Quick background info of my current situation:

- I have an older Powermatic 100 (12") planer
- Previous owner threw away the integrated cover and chip breaker. :wallbash:
- I made a new one (steel plates) and need to attach some type of dust collection. The cover currently hinges behind the out feed roller just like the original.
- I will be getting the Harbor Freight DC, with popular upgrades (Wynn filter, SDD, etc.) and rolling to my machines with a short 5" diameter flex hose.
- I still need to attach the chip breaker itself and a shaped wood block or similar to guide the airflow/dust extraction.
- Given the non-curvature of my crudely fashioned chip breaker and the limited square footage of the garage, I think the best option is to extract the dust from the top, rather than going out the back (thereby adding more horizontal real estate to the planer).
- I will be purchasing an HVAC register boot to mount to a hole that I will (preferably) cut in the top of a steel plate cover.
- The only boots I can find that have a 12 inch wide rectangle are a 4"x12" to 5" round, and a 2.25"x12" to a 4" round (to be used in conjunction with a 5" to 4" reducer).
- No, I don't want to go with a 6 inch round hose.
- No, I don't want to fork out the cash (and man pride) to have someone else fabricate a custom hood.
- The width of my steel plate is 13.5" so I would add (2) 0.75" wide steel angle iron strips (front to back) to reinforce the "weak point" on the left and right side of the rectangular hole I would cut out in the top plate/cover.
- To quote the infamous Dr. Emmett Brown "Please excuse the crudity of this model. I didn't have time to build it to scale or to paint it."

With all of that stated, which set up would you fine people recommend for the best dust extraction?


----------



## difalkner (Nov 27, 2011)

Welcome to the forum! Add your location in your profile so it shows in the side panel. Add your first name to your signature line so we'll know what to call you.

That's a nice old piece of iron. How much force does the planer exert on throwing the chips upward? The reason I ask is that we have the Wynn filter on the HF dust collector and if the filter needs cleaning it may not have the force to pull chips upward. Dust, yes, but heavier chips, maybe not so much. You'll certainly get some and anything is better than just throwing the chips into the air and shop. 

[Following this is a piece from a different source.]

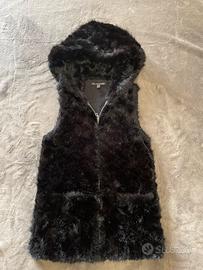 Pelliccia smanicata nera con cappuccio S/M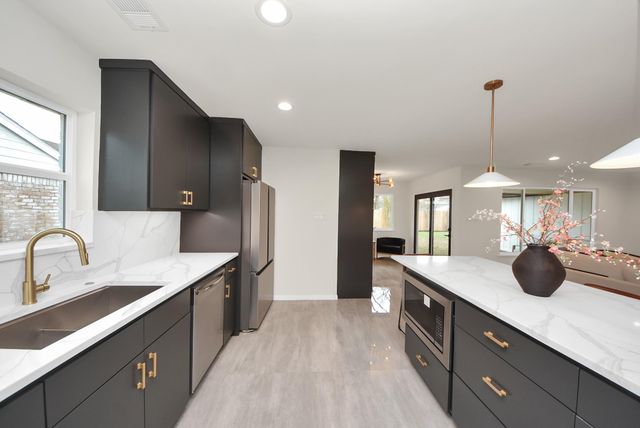 2302 Parana Drive, Houston, TX 77080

But I could be wrong, I just did a quick scan of what you wrote and drew. Others will chime in soon...

David


----------



## Not that guy (Nov 25, 2019)

Hmmm. Great question David. It's been so long since I ran the planer without the cover, I couldn't remember.....so I found out....


----------



## Not that guy (Nov 25, 2019)

Pics are sideways..... great.🙄


----------



## difalkner (Nov 27, 2011)

Looks like it pitches them pretty good, Jay. Then my best guess is that your design should be efficient enough for your setup. I'm fairly certain others will chime in soon, though.

David


----------



## Not that guy (Nov 25, 2019)

Thanks David. I too, am pretty sure that collecting the dust and chips out the top is the best way to go.

Does anyone have any recommendations for which boot register to use.... 

12" x 2.25" (27 sq. in.) to a 4" round to a 5" round

or

12" x 4" (48 sq. in.) to a 5" round

Again, I will be using the ever popular 2 hp Harbor Freight dust collector with a Wynn filter, SDD, etc.

The end of the boot register will connect to a 5" diameter flex hose (19.63 sq. in.).

Thank you.


----------



## woodnthings (Jan 24, 2009)

*Go big on a planer....*

The 12" X 4" would be my choice and that way you stay with 5" hose all the way.


I used a dust hood from my Grizzly sander on this project:


----------